Way back before the coronavirus upended retail, stores were moving toward hybrid digital-physical businesses. Locations to stand as hubs for browsing and buying (and returning) and mobile apps and websites to offer e-commerce, loyalty programs and other forms of engagement between and during store visits. This online-to-offline strategy tracks with the way consumers move seamlessly between offline and online spaces, but it was also seen as a way to stem declining store sales amid e-commerce’s growing share of revenue.
The pandemic has accelerated a need for more digital than physical in this equation, and it’s worth taking a look at successes to date. In China, which has a more digital, mobile population than anywhere else in the world, Starbucks used digital platforms to build community around its brand that continues when customers aren’t in their stores. This strategy led to 90% engagement with its app.
At the Signal conference in 2018, Starbucks China’s Chief Marketing Officer Emily Chang shared strategies and lessons from the company’s online-to-offline strategies — or online-merge-offline, as she prefers. They are even more relevant today.
Key insights from the conversation:
- 3:32 — Why “online-merge-offline” is better than “online-to-offline”: “The ‘to’ implies you’re going from offline to online or online to offline. China’s really blown by that already, because we’re already integrated. If we as leaders aren’t creating an OMO experience, merging online and offline—whether the customer is in the store or not in the store—we’re frankly not meeting their needs.”

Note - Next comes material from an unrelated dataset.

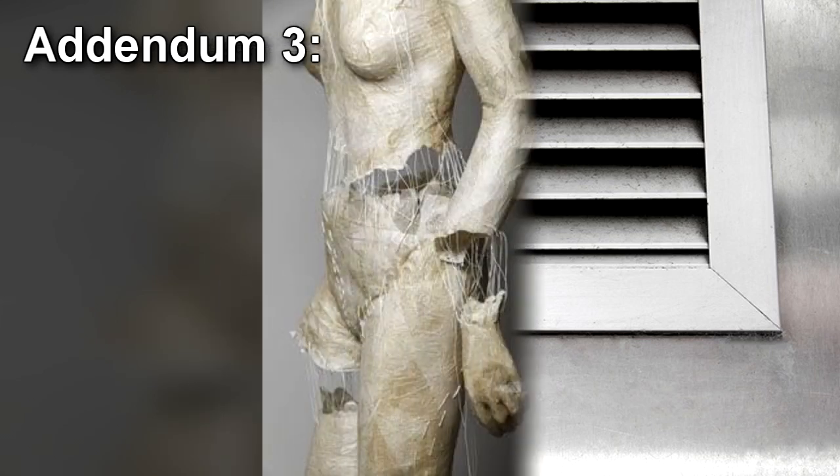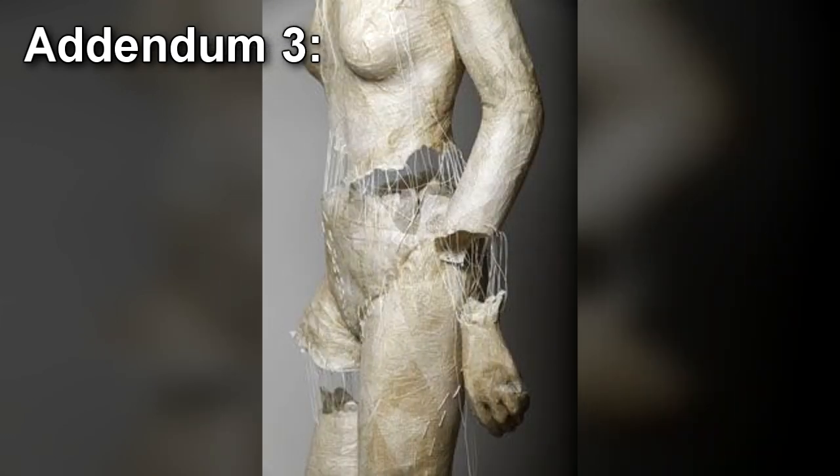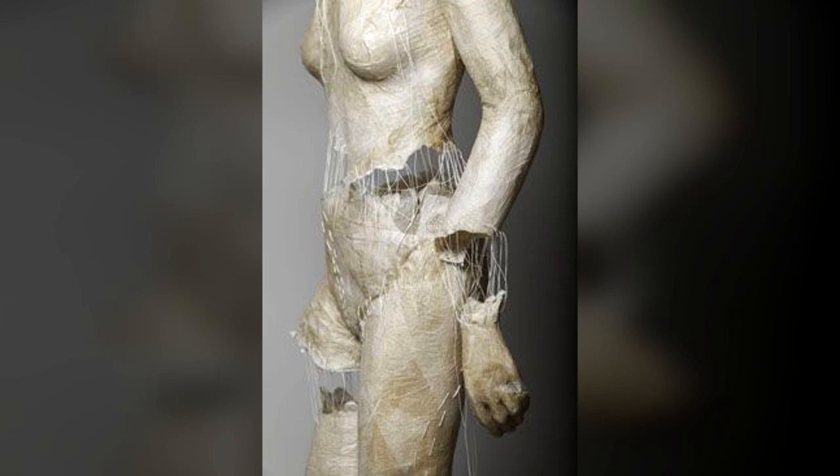Addendum 3: Security cameras observed suspicious movement in one of the storage rooms. Remote viewing by drones and cameras showed groups of SCP-1254-1 gathering as much intact paper as possible and depositing it into the storage room. Further surveillance shows SCP-1254-1 attempting to construct a full-size humanoid with the paper being collected. Based on visual analysis, completion of SCP-1254-2 is at roughly 25%. Containment procedures updated in response.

- 6:12 — Results from a key part of Starbucks China’s digital flywheel, a loyalty program that grew quickly to seven million active members with 90% app engagement.
- 6:58 — An example of merging offline and online: A “members night” at select stores, where members scan a QR code when they come so they can post online about where they are, thereby engaging digitally, while also engaging physically as they interact with the store and other members.

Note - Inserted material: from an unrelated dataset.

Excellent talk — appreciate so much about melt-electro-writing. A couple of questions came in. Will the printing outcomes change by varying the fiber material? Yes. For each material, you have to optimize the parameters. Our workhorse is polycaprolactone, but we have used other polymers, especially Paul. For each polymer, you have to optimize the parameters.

- 11:10 — The importance of digital payments to glean more about customers. Because 80% of Starbucks China’s customers were cashless, Chang said, “We know what our customers are buying, we know their journey over time with us, we know which stores they’re going to and they’re preferred payment method. We’re able to create more customized and relevant offers.”
- 22:13 — How the company built digital in-store experiences at The Roastery, a Starbucks superstore in Shanghai that would have lines running down the block, through wifi, apps and augmented reality.
- 23:45 — Why brands should think of “experiences,” not “journeys.” “‘Customer journey’ implies a start and an end, so we don’t talk even about journeys, we talk about experiences. … Everyone has their own way to engage with what you have to offer. Being able to delight them no matter how they want to engage with you is what online-merge-offline is all about.”